What the task requires: Your job with the data below: print everything from the line that holds "-厝内小眷村(西单大悦城店)" down to the line that holds "электрик ош: Требуется", ends included, exactly, and nothing else.

Data for analysis:
#####

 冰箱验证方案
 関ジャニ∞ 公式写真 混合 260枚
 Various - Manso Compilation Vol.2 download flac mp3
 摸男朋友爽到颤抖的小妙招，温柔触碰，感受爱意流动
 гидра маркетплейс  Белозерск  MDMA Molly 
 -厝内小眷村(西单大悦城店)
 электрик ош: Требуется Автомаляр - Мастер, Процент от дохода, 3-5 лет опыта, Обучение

#####

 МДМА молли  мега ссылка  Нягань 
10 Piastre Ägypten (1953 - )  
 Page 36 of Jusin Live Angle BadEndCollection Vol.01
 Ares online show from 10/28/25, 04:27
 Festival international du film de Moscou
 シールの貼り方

#####

Answer for this exercise:
 -厝内小眷村(西单大悦城店)
 электрик ош: Требуется Автомаляр - Мастер, Процент от дохода, 3-5 лет опыта, Обучение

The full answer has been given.